Der Vermeer-Fälscher

Hamburg, 18. August 2009, 14:34 | von Dique

Ganz anders als der kürzlich hier besprochene Shaun Greenhalgh war Han van Meegeren ein Dandy und Lebemann. Wie Greenhalgh fälschte er Kunst, führte aber, ganz anders als der mit seiner Familie trotz großartigen Fälschungserfolgen in einer Sozialwohnung weiterlebende Brite, ein flamboyantes Dandyleben.

Han van Meegeren (1889–1947) fälschte niederländische Altmeister­gemälde, bevorzugt Vermeer. Er besorgte alte Pigmente, benutzte Dachshaarpinsel, malte auf zeitgenössische Gemälde von zum Beispiel Govaert Flinck oder mimte die Risse des sogenannten Krakelee durch eigens entwickelte Hitzebehandlungen der Malschicht.

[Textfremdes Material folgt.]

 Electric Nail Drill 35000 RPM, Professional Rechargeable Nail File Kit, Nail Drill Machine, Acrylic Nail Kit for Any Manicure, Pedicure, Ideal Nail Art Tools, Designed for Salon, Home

Nachdem er dann der Meinung war, dass die Qualität seiner Vermeers gut genug sei, begann er sie auf dem Kunstmarkt anzubieten und machte schnell einen großen Deal mit dem holländischen Reeder und Sammler van Beuningen. Der kaufte ihm für über eine Million Gulden ein »Abendmahl« ab, vermeintlich von Vermeer.

Noch spektakulärer war einige Zeit später der Verkauf eines weiteren Vermeers, »Christus und die Ehebrecherin«. Dieser ging an den Lebemann unter den Nazigranden, an Hermann Göring, der über mehrere Kunstagenten europaweit Gemälde aufsaugte und ebenso diesen Vermeer ankaufen ließ.

Das Bild hing dann stolz in den Ausstellungsräumen von Carinhall, dem aufgedonnerten Jagdschloss in der Schorfheide, und Göring erfreute sich an diesem vermeintlich echten Vermeer vielleicht bis zu seinem jähen Ende. Es sei denn, er hörte im Nürnberger Gefängnis noch von Han van Meegerens Verhaftung. Man hatte nämlich bei einem Kunsthändler Unterlagen gefunden, die den Verkauf des angeblichen Vermeer-Bildes nach Deutschland bezeugten, und deshalb wurde er als Kollaborateur und Ausverkäufer nationalen Kulturgutes angeklagt.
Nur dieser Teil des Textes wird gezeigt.